WORK TO BE COMPLETED
Please make sure what you return matches the listing below exactly, minus its pictures.

THE DATA
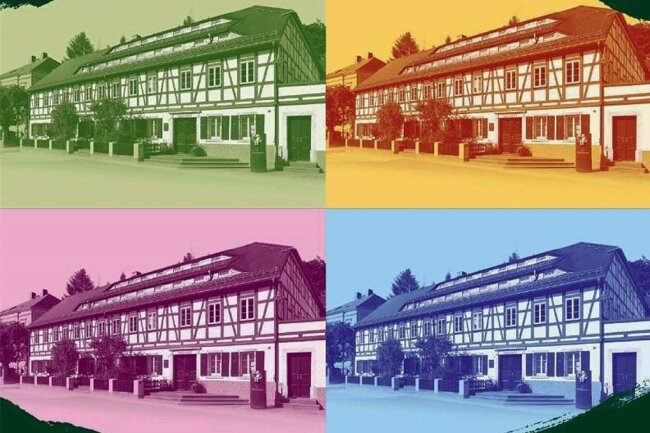 Sonderausstellung in Grünhainichen: Noch nie gezeigte private Fotografien geben Einblick in das Leben der Familie Wendt - Plakat zur Sonderausstellung.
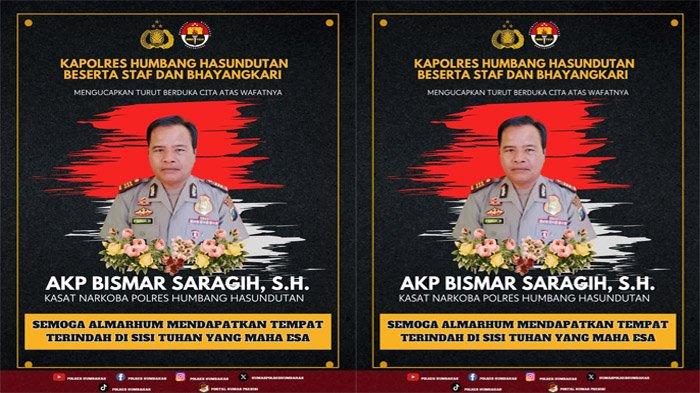 Akp Bismar Saragih Meninggal Dunia, Polres Humbahas Kehilangan Sosok Penting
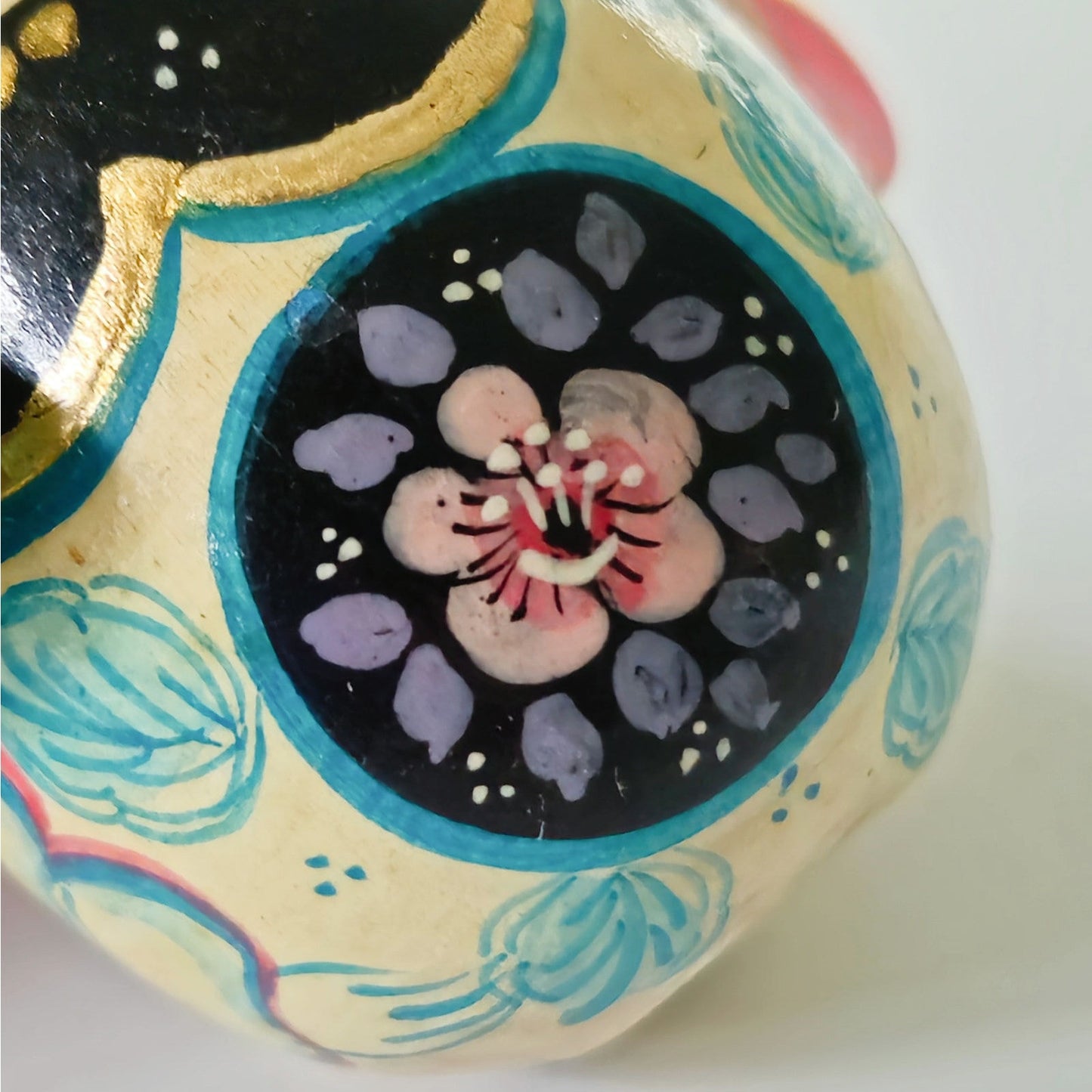 Vintage Hand Painted Russian Nesting Doll Ornament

COMPLETED TASK
 Sonderausstellung in Grünhainichen: Noch nie gezeigte private Fotografien geben Einblick in das Leben der Familie Wendt - Plakat zur Sonderausstellung.
 Akp Bismar Saragih Meninggal Dunia, Polres Humbahas Kehilangan Sosok Penting
 Vintage Hand Painted Russian Nesting Doll Ornament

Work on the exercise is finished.